Keelen v. State, Dept. of Culture, Recreation & Tourism
This text of 463 So. 2d 1287 (Keelen v. State, Dept. of Culture, Recreation & Tourism) is published on Counsel Stack Legal Research, covering Supreme Court of Louisiana primary law. Counsel Stack provides free access to over 12 million legal documents including statutes, case law, regulations, and constitutions.
Opinion
Brenda Ann KEELEN
v.
STATE of Louisiana, DEPARTMENT OF CULTURE, RECREATION AND TOURISM.
Supreme Court of Louisiana.
*1288 Allain F. Hardin, New Orleans, for applicant-plaintiff.

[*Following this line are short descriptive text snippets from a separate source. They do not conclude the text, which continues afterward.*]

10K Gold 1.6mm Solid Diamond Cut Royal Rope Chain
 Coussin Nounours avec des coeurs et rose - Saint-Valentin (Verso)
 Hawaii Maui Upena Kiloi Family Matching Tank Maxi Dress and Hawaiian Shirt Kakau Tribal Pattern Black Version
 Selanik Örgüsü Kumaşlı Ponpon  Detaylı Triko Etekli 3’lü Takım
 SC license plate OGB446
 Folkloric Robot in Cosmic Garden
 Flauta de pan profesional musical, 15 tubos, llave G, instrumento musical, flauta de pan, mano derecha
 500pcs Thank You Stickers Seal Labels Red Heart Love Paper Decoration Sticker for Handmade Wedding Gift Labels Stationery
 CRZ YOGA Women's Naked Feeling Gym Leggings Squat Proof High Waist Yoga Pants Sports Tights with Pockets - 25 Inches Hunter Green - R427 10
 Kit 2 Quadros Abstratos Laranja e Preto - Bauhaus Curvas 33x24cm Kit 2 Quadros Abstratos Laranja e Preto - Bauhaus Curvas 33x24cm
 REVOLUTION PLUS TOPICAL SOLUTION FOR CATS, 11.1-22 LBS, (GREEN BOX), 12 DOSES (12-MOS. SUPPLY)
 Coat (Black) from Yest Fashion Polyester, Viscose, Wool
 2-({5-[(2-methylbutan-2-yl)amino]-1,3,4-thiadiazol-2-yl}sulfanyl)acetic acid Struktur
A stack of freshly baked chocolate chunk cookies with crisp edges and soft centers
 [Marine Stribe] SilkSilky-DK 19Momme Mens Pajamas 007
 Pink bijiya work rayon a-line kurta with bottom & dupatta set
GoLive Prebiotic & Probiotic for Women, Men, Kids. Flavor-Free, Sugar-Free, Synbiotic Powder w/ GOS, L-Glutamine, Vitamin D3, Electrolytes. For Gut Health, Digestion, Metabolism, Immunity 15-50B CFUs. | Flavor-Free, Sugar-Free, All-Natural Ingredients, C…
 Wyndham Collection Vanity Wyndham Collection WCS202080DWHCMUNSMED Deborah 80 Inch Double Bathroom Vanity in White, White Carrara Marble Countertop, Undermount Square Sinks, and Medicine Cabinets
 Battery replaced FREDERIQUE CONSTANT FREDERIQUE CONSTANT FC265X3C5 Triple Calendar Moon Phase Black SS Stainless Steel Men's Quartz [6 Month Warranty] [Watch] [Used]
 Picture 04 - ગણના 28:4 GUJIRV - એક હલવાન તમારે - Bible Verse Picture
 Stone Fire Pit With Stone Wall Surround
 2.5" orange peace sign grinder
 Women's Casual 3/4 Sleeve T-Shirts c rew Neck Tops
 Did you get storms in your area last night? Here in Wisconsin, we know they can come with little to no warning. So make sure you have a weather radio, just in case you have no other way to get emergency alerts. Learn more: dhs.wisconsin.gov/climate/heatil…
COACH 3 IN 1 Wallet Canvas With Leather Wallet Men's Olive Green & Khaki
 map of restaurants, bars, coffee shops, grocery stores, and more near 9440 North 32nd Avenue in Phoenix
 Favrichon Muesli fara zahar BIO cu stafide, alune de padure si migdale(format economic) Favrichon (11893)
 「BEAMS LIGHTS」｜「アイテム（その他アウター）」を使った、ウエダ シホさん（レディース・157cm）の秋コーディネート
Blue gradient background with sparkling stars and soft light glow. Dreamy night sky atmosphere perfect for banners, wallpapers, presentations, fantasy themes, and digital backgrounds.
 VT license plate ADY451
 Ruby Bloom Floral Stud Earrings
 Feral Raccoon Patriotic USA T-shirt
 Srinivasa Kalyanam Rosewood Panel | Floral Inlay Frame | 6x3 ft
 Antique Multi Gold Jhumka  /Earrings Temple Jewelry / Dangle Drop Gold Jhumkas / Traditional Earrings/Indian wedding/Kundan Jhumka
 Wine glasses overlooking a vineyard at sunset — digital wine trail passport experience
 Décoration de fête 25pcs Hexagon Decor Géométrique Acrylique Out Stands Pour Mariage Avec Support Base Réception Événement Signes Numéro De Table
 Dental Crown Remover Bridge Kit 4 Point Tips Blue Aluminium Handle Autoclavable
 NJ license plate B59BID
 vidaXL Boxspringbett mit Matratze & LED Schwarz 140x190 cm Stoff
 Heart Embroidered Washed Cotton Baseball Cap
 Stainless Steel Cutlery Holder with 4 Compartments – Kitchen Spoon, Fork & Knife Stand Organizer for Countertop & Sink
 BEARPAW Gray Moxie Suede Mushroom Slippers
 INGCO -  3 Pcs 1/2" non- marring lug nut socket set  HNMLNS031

William J. Guste, Jr., Atty. Gen., A. Kell McInnis, III, Asst. Atty. Gen., La. Dept. of Justice, for respondent-defendant.
MARCUS, Justice.
Brenda Ann Keelen filed suit against the State of Louisiana through the Department of Culture, Recreation and Tourism for the wrongful death of her eight-year-old son, Larry Piker. The child drowned in a swimming pool in Fountainbleu State Park in St. Tammany Parish on July 4, 1979. The park is owned by the State and is maintained and operated by the Office of State Parks, Department of Culture, Recreation and Tourism. The State filed a motion for summary judgment alleging that it was immune from suit by authority of La.R.S. 9:2791 and La.R.S. 9:2795.[1] The trial judge *1289 granted the motion and dismissed Keelen's suit at her cost. The court of appeal affirmed.[2] We granted certiorari to review the correctness of that decision.[3]
The issues presented for our consideration are: (1) whether La.R.S. 9:2791 and 2795 apply to the State and its political subdivisions; and (2) whether the statutes confer immunity from liability for a drowning in a swimming pool at Fountainbleu State Park. Because we hold that the statutes do not confer immunity from liability for a drowning in a swimming pool, we need not decide the question of whether the statutes apply to the State and its political subdivisions.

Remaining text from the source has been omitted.